What the task requires: In the records below, find the line containing "Simple Modern Elegant" and retype it and every line after it exactly, adding nothing.

Listed entries:
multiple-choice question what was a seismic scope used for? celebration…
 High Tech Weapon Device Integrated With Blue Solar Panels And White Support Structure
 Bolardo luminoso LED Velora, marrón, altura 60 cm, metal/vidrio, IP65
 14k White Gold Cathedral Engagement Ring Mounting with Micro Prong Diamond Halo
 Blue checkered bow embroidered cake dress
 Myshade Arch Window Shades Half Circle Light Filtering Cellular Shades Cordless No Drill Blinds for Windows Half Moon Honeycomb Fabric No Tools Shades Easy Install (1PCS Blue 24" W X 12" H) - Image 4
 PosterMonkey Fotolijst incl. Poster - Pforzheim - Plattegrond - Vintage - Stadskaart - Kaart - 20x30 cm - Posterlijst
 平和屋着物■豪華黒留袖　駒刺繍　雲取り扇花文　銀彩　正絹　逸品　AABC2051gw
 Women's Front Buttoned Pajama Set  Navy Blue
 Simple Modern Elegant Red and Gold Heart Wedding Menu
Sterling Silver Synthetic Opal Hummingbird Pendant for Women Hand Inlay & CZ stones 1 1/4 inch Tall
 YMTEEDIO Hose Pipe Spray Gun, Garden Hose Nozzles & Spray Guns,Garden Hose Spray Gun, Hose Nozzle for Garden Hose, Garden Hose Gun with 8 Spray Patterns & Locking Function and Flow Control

Solution to the exercise:
 Simple Modern Elegant Red and Gold Heart Wedding Menu
Sterling Silver Synthetic Opal Hummingbird Pendant for Women Hand Inlay & CZ stones 1 1/4 inch Tall
 YMTEEDIO Hose Pipe Spray Gun, Garden Hose Nozzles & Spray Guns,Garden Hose Spray Gun, Hose Nozzle for Garden Hose, Garden Hose Gun with 8 Spray Patterns & Locking Function and Flow Control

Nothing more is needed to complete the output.